配向構造を持った液晶性高分子材料は、異方的イオン伝導性、および自立性を併せ持つ新しいイオン機能材料となったが、これら高分子の巨視的な配向構造は、いったん崩れてしまうと、その回復が非常に困難であると考えられる。そこで、配向特性に優れた低分子量のイオン伝導性液晶を高分子のネットワーク内に膨潤させることによって、自立特性に優れ、動的に配向構造を回復させることが可能な異方的イオン伝導性液晶化学ゲルの開発を行った。

エチレンオキシド鎖・メソゲン部位を有するブロック型の低分子液晶と、それに類似した構造をもつ二官能モノマーを同時に設計・合成した。これらの化合物とリチウム塩との複合体は、様々な混合比においてスメクチック液晶相を示した。液晶相において配向させた試料に対して光照射を行うことで、二官能モノマーの重合反応を行った。これにより、異方的イオン伝導性を示す低分子液晶を溶媒とした液晶化学ゲルの作製に成功した。このゲルは低分子量成分とポリマーネットワークがミクロ相分離した構造を形成しており、巨視的にはフィルム状の固体材料となった。このゲルは、均一配向した低分子液晶のナノ相分離構造に基づく異方的イオン伝導性を示した。また、得られたポリマーネットワークは元の配向構造を反映しており、この配向したネットワーク中では膨潤した低分子液晶が熱可逆的に配向構造を回復させることもわかった。このように、ナノ相分離構造、およびミクロ相分離構造を階層的に巨視的な秩序まで組み上げることにより、自立性・異方的イオン伝導性・配向構造回復能を併せ持った新しい液晶性複合材料の開発に成功した。

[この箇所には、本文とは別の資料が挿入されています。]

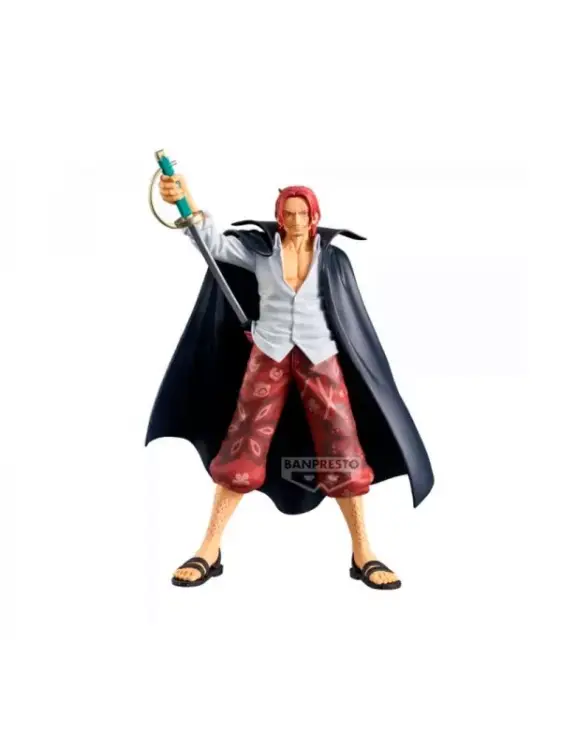 Banpresto - ONE PIECE - DXF - SHANKS 17 cm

本論ではイオン伝導性分子構造、および絶縁性分子構造からなるナノ相分離構造を有する液晶分子を用い、異方的なイオン伝導性を示す種々の高分子材料を構築した。これらの材料では、液晶中で各分子コンポーネントが形成するナノ相分離構造を、効率よくデザインすることが高機能・高性能発現の鍵となる。また、ナノレベルで相分離した液晶とミクロ相分離したネットワークを階層的に組み上げることにより、自立性・動的特性・高イオン機能を併せ持つ材料の開発も行うことができる。このように、液晶、および液晶性複合体が形成する様々なスケールの相分離構造を巨視的なレベルまで制御する試みは、イオン伝導機能を示す材料のみならず、新しい異方的機能性材料の設計指針となると考えられる。

審査要旨 要旨を表示する

液晶性化合物が形成する低次元の秩序構造の活用は、分子の組織化による機能発現に有用である。本論文においては、液晶分子の形成するナノ相分離構造の配向構造制御、及びそれらの配向構造を固定化して得られる異方的イオン伝導性高分子材料について述べられており、6章から構成されている。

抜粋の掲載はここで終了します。